A4Tech has been developing and producing peripherals for a long while now, but has never really gained much recognition in the West. We first got an introduction to A4Tech at CeBIT 2013, and were quite surprised at the vast array of hardware they were showcasing.
The device that caught our eye was A4Tech’s Bloody Gun3 Headshot V8 optical gaming mouse. Along with the proprietary ‘Ultra Core 3’ software, A4Tech claims “you can adjust shooting rate and recoil suppression to rectify trajectory and increase shooting accuracy. UC3 lets you defeat enemy and win the games effortlessly. The Multi-Core system allows you to enjoy games without limitation!”

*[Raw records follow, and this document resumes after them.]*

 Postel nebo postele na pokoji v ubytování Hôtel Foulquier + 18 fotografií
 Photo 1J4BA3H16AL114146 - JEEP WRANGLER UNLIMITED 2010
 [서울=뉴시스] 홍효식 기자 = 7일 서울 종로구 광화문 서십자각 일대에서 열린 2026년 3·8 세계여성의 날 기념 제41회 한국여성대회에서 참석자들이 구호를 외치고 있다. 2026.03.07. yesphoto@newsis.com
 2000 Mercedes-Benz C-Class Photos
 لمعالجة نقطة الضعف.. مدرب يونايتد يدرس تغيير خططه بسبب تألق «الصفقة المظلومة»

Of course these are the usual claims aimed at the gamer – hardcore or casual. We would be lying if we said most people do not buy into it; oddly though, we find ourselves a bit intrigued. Unlike baseless statements of peripherals making a gamer better – as we believe ultimately that skill will define a gamer, not necessarily the hardware – A4Tech’s Bloody V8 actually comes with unique proprietary software that seems to back their claims…although advertising “1ms response time” seems unbelievable.
We will explore what that really means, and more. At a $40 price tag, A4Tech’s Bloody Gun3 Headshot V8 gaming mouse seems like a real contender while being extremely affordable for what it is; so let us see if it can pull a surprise and keep up with the more established mice at its price-point.

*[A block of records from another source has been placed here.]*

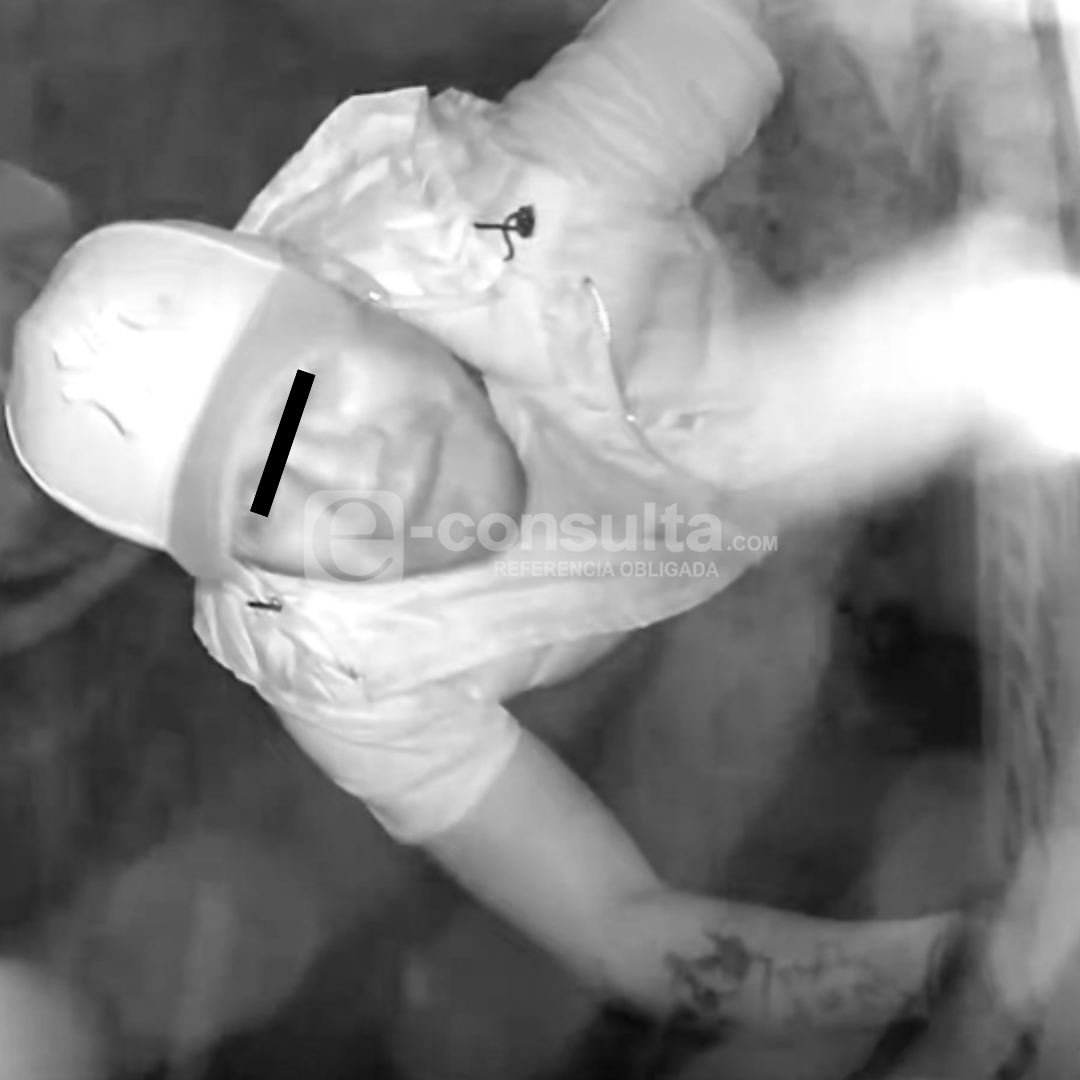 #ReporteCiudadano 🚨 En la colonia Chapultepec, de la ciudad de #Puebla, este sujeto r0bó unas cámaras de videovigilancia. 

Aunque las personas afectadas hablaron a la policía municipal, no llegó. Por tanto, perdieron el interés y no hicieron la denuncia formal.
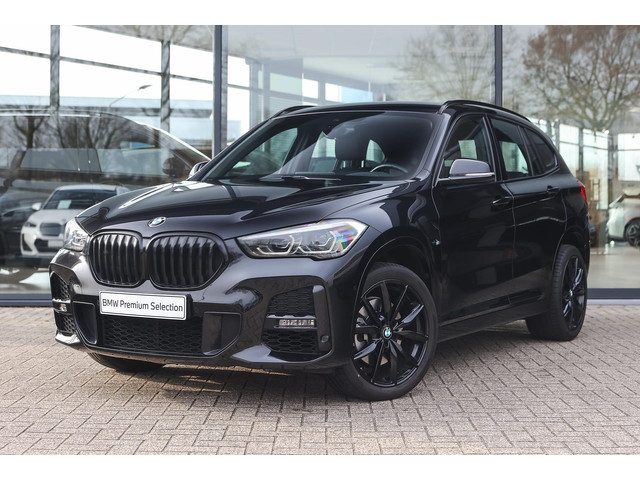 BMW X1 xDrive20i High Executive M Sport Automaat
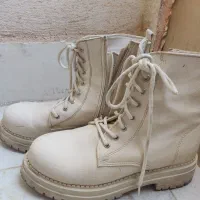 چکمه سفید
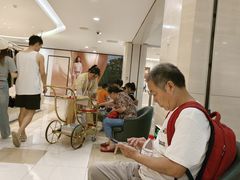 -杭州西湖银泰百货
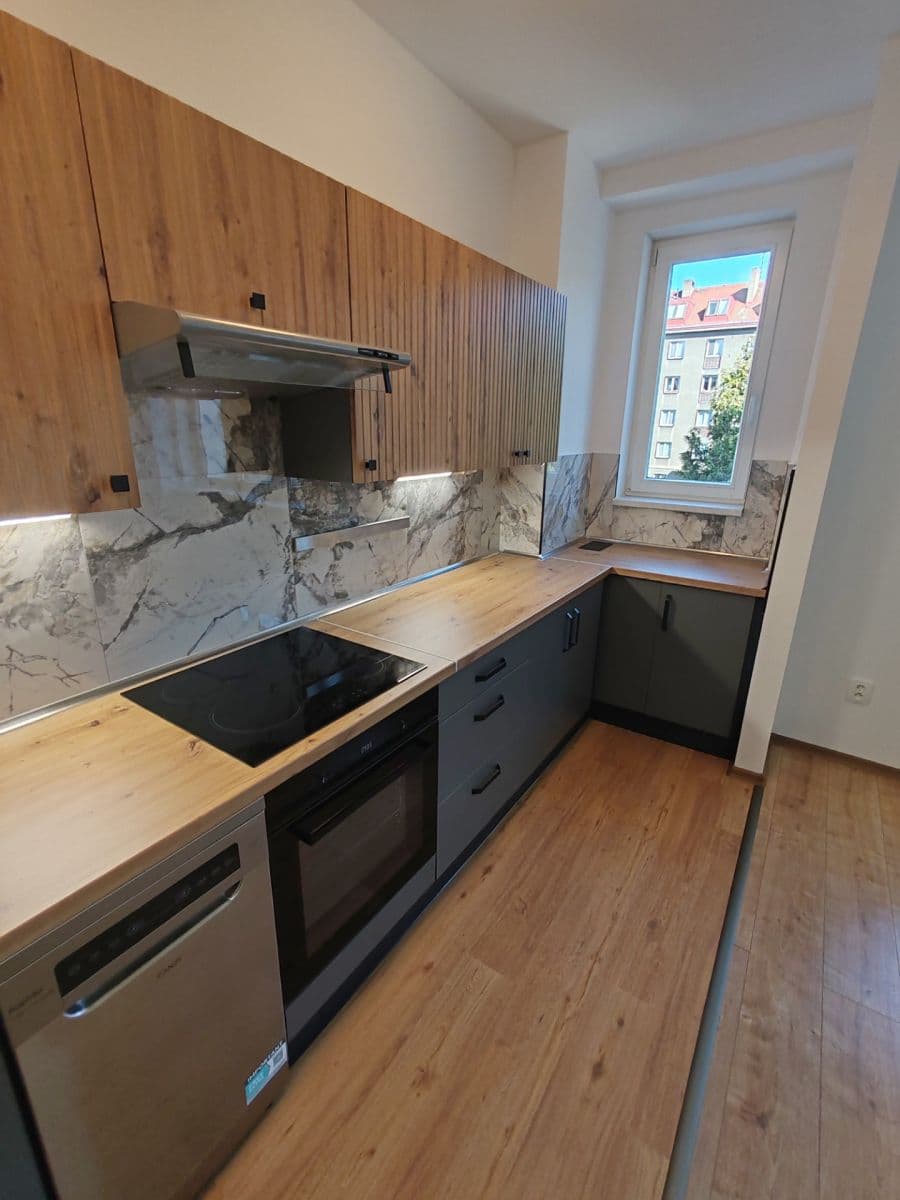 Pronájem bytu 1+kk 35 m², Vršovická, Praha, Praha Pronájem bytu 1+kk 35 m², Vršovická, Praha, Praha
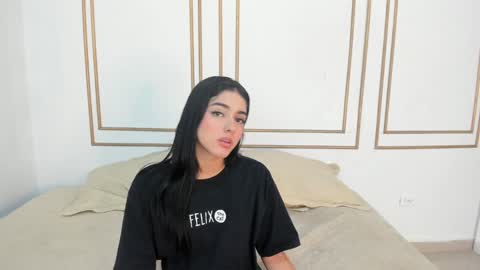 Snapshot of natalia_aguirre chatting on January 25, 12:30 pm Naty  online show from January 25, 12:30 pm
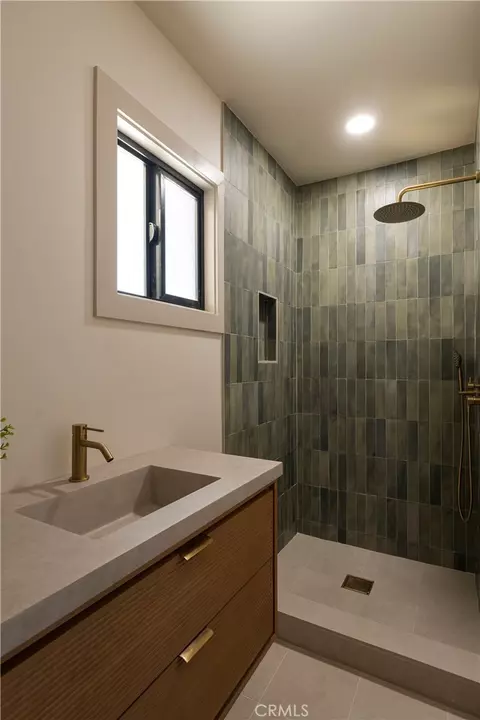 Bath - 6829 E Parapet, Long Beach, CA 90808 photo 6 of 13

SPECIFICATIONS AND PACKAGING
There is not a lot of information regarding the Bloody V8, not even on A4Tech’s website since the product is not available for retail yet. There is a quick spec chart that outlines a few details about the mouse:
3200 dpi is decent, but certainly not on the high-end, as many mice support up to 5600+ dpi. As we can see, the V8 is definitely the largest of the versions, and with an on-board memory count of 160 KB. Again we have the response time of 1ms which should be interesting to test.

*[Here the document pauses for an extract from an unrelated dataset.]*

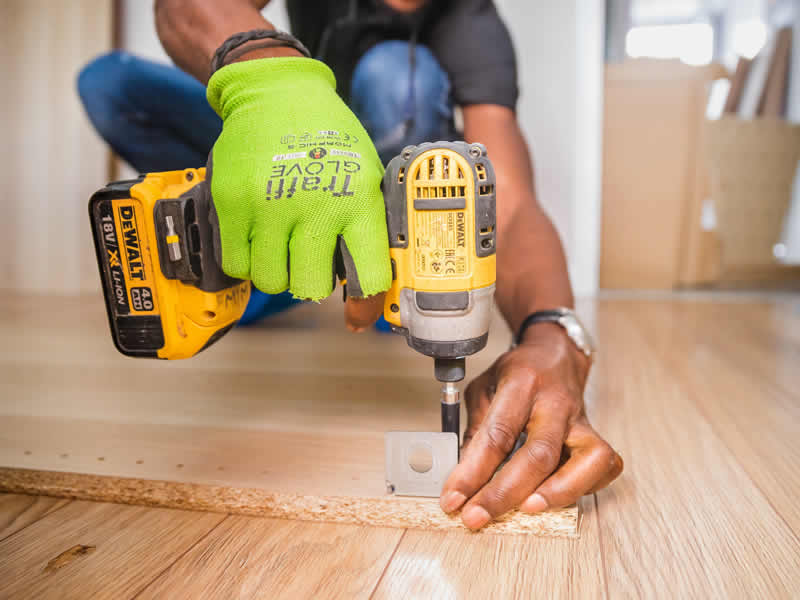 Egret Bay Builders, Worker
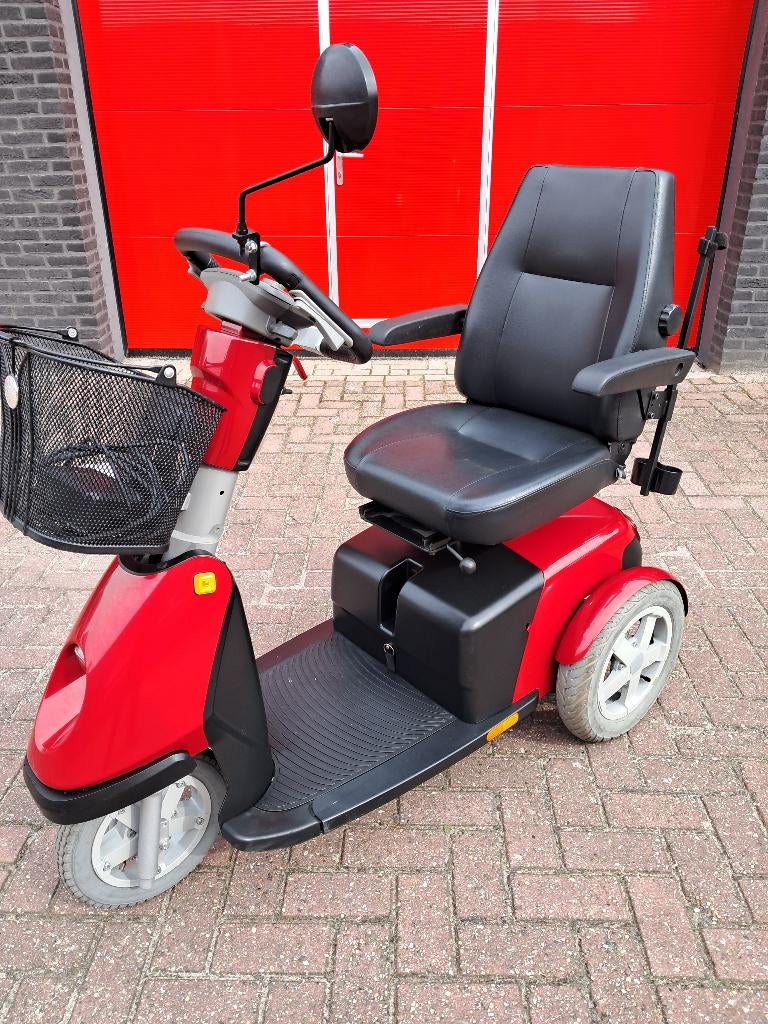 Hele mooie Trophy 6 Scootmobiel met weinig kilometers, Diversen, Brommobielen en Scootmobielen, Gebruikt, 26 t/m 35 km, 11 t/m 15 km/u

The Bloody V8 comes in familiar packaging for peripherals with a predominantly red and black scheme. The front has a nice shot of the gaming mouse, while the back has an excellent splash of colours outlining the important specs without being overpowering:
The sides list extra features as well as a description of the device in different languages. Unfortunately none of these lists mention much about the mouse – not even if it is optical, or even the amount of macros it supports.